> **THE TASK**
Omit the pictures, then reproduce exactly the line bearing "NFL Kansas City" and every line after it up to and including the last line of the entries below.

> **Dataset entries**

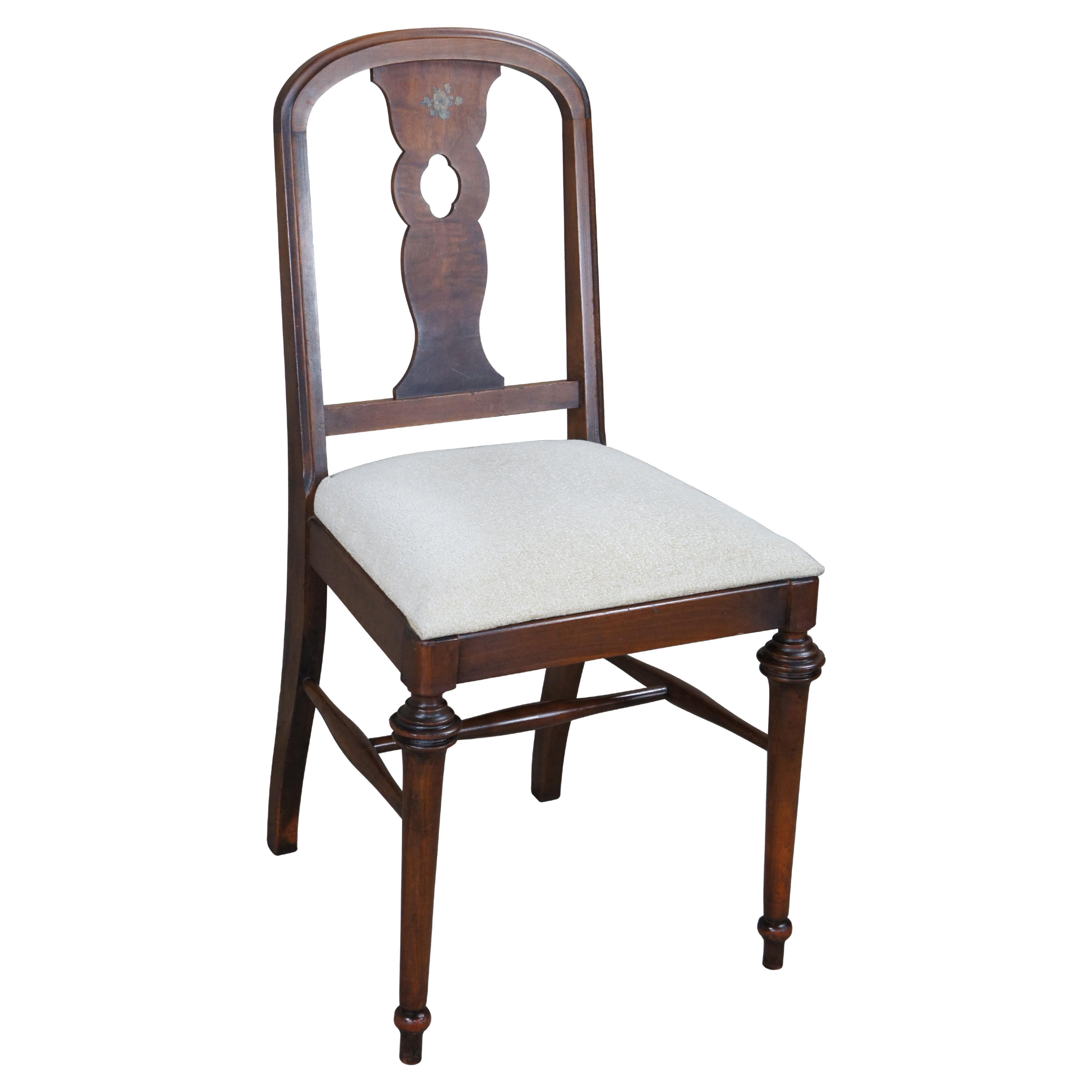 Antique William & Mary Style Walnut Pierced Slat Back Desk Dining Side Chair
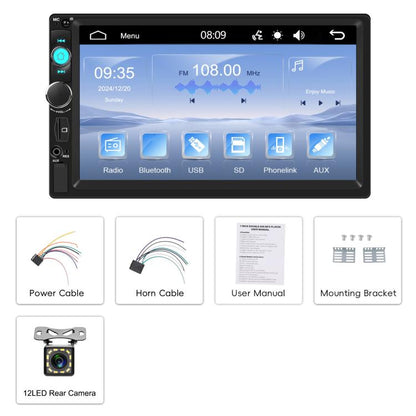 7 Inch Wired Carplay Dual Butt MP5 Player Bluetooth Big Screen Car Center Control, Spec: Standard+12 Light Camera - Car MP3 & MP4 & MP5 by buy2fix | Online Shopping UK | buy2fix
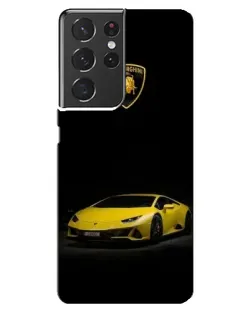 Чехол для Samsung Galaxy S21 ultra с картинкой «Lamborghini желтый акцент»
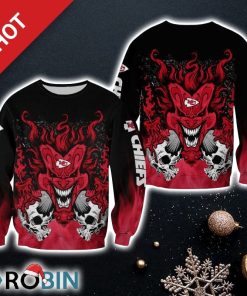 NFL Kansas City Chiefs Clown Halloween Limited Edition Christmas Ugly Sweater Sweatshirt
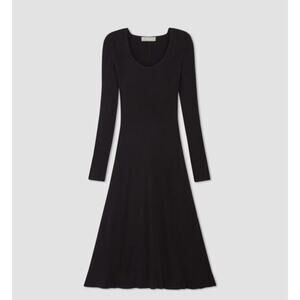 Everlane Long Sleeve Ribbed A-Line Midi Dress Scoop Neck Black Sz S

> **FINAL ANSWER**
 NFL Kansas City Chiefs Clown Halloween Limited Edition Christmas Ugly Sweater Sweatshirt
 Everlane Long Sleeve Ribbed A-Line Midi Dress Scoop Neck Black Sz S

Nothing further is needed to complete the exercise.